Day spent dancing, singing, chasing chickens celebrates Mardi Gras
Published 12:26 am Saturday, February 19, 2022
Keeping storied traditions alive is a part of what makes the rural Mardi Gras celebrations throughout the Cajun prairie so special.
There is a rich heritage of song, dance and antics that unfolds annually in rural countrysides from Elton to Tee-Mamou and points in between.
Rather than following their Crescent City revelers with grand themed parades and parties, costumed revelers jaunt through the countryside dancing, singing and chasing chickens in open fields in exchange for ingredients for a big pot of gumbo.
Rooted in French medieval history, the Courir de Mardi Gras (Mardi Gras Run), as it is known, has been part of Mardi Gras in Cajun and prairie country of Louisiana since the 19th century.
Today, many of the runs follow the same traditions and route as their Cajun ancestors did centuries ago, often beginning at sunrise and ending late afternoon with a fais do-do (dance) and gumbo.
The main event is the chicken run led by the capitaine with costumed and masked participants on horseback, on foot or in trailers slowly making their way through the countryside. Their destinations are dozens of backroad meeting places – a barn here, home there, hunting camp in one community and a local business in another.
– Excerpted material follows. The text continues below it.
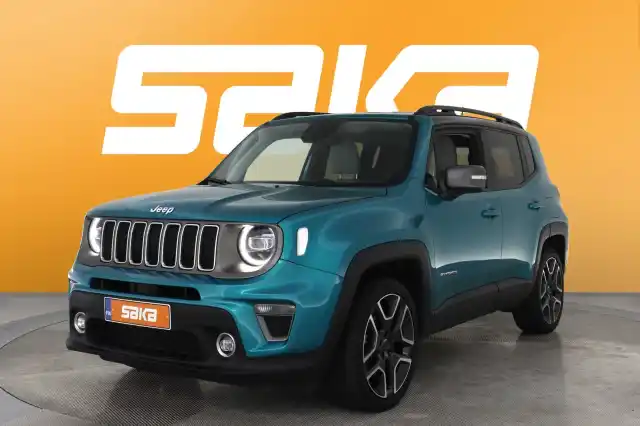 Sininen Maastoauto, Jeep Renegade – VAR-03417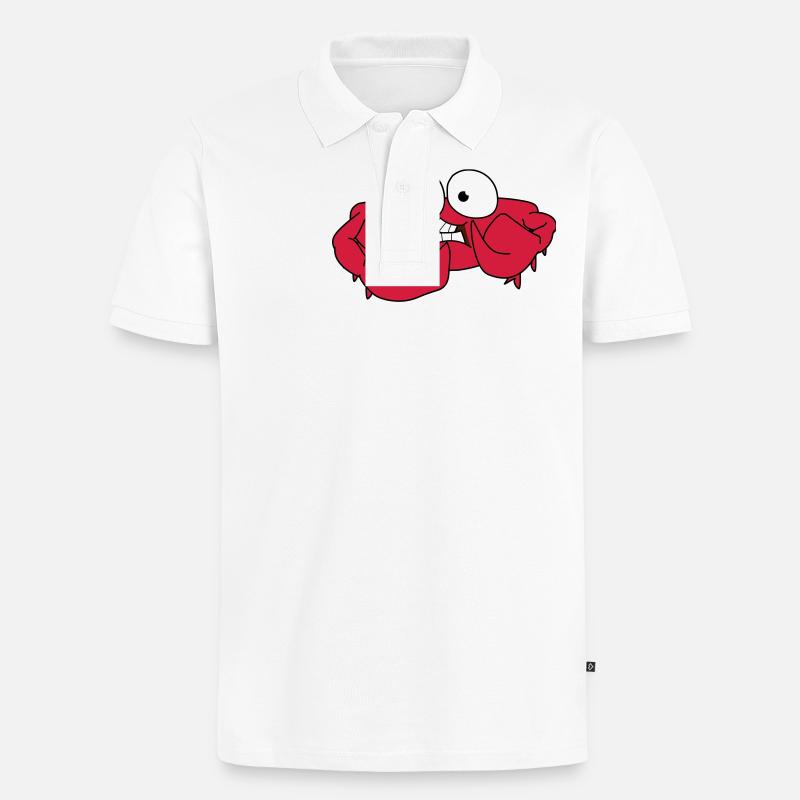 Krabbe - Männer Premium Bio Polo Shirt - Weiß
At each stop the captain asks permission from the homeowner for the Mardi Gras to visit. Once permission is granted, the captain waves his flag and the riders dismount and crawl towards the house on hands and knees, whooping loudly. They dance and sing in exchange for a live chicken, rice, other ingredients for their gumbo or money. Before leaving they invite their hosts to come share in their gumbo that evening.
Elton rice farmer David Bertrand, whose family has run the Courir for generations, said the tradition was brought to Louisiana by the early French settlers.
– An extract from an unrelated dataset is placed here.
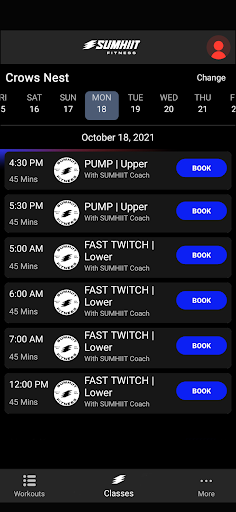 SUMHIIT Fitness Screen 2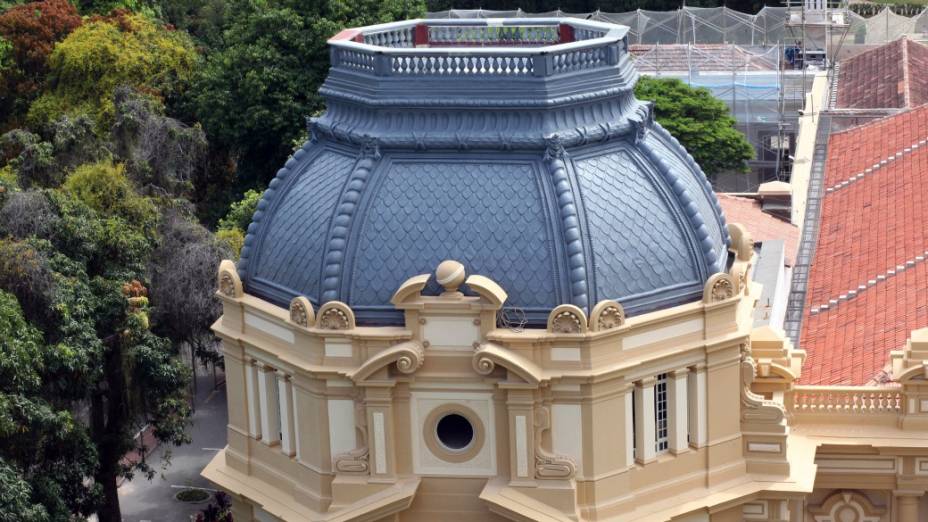 Restauração do Palácio Guanabara: recuperação do telhado concluída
“They would go door-to-door begging and singing for chickens, pork fat, a little bit of potatoes, rice….,” David Bertrand said. “In return you were invited to a big ball with people dressed in costumes, some with masks and gloves.”
Many of the ingredients gathered were used to help restock the food supply for the community after a long winter while families waited for the spring gardens, he said. As times improved, those ingredients were used as a way for the communities to come together to share in a pre-Lent celebration.
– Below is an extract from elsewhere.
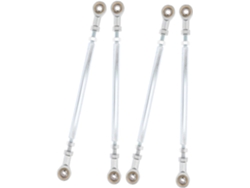 Kit De Varillaje De Dirección Para Atv Quad De Acero Inoxidable De 4 Piezas, Varillas De Alta Resistencia, Fácil Reemplazo Y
Today Cajun communities have developed their own celebrations, some incorporating children’s runs a few days before Mardi Gras and others letting women join the run. The Elton Courir de Mardi Gras remains an all male run though women and children often follow the run as spectators.
In the early 20th century, the rural Mardi Gras tradition was very strong in Elton with the town hosting two Mardi Gras runs each year. One which ran north of town and one that ran south of town.
By the time David Bertrand was a young man, the local Mardi Gras had nearly disappeared. He has spent years trying to preserve this unique part of his family history and the Cajun culture.
His great uncle Asa Buller was among the founders of the Elton Courir de Mardi Gras which ran for many years, taking a hiatus during World War II.
The run was revived in the late 1980s and still continues today with younger generations taking the role of their ancestors, David Bertrand said.
“It seems like there is a more preservation mentality now, especially among the millennials to try to preserve some of the Cajun heritage that has been lost, whether it’s the music or the Mardi Gras runs,” David Bertrand said. “And it is good to pass the torch on to young people.”
Keeping with tradition, the run usually starts at daybreak and ends by late afternoon with enough ingredients to cook a large gumbo.
The costumes are as important a part of the ritual as chasing the chicken. The men don colorful, handmade costumes covered with patches and fringe, topped with a tall pointed hat known as a capuchon and a wire mesh or cloth mask to conceal their identity.
Austin Bertrand, 27, who has been running since he was a teenager, remembers how important Mardi Gras has always been in his family.
“I did it because it was something all the family did,” Austin Bertrand said. “In my family it is as big as Christmas or Easter. It’s an important holiday.”
Today, Austin Bertrand is part of the younger generation trying to keep the tradition alive,
“It’s a dying tradition, like Cajun music,” he said. “We are trying to get more people involved each year and try to get the young ones involved.”
This year’s Elton Courir de Mardi Gras will be held on Saturday, Feb. 26. The run will begin at 7 a.m. with a prayer and blessing at the St. Paul Catholic Church in Elton before a brief stop to kneel and sing at the grave sites of their ancestors.
The route will then continue through the countryside where 6-8 stops will be made to chase chickens and dance and beg for ingredients.
— By Doris Maricle, Special to The Leader from the American Press in Lake Charles, Louisiana.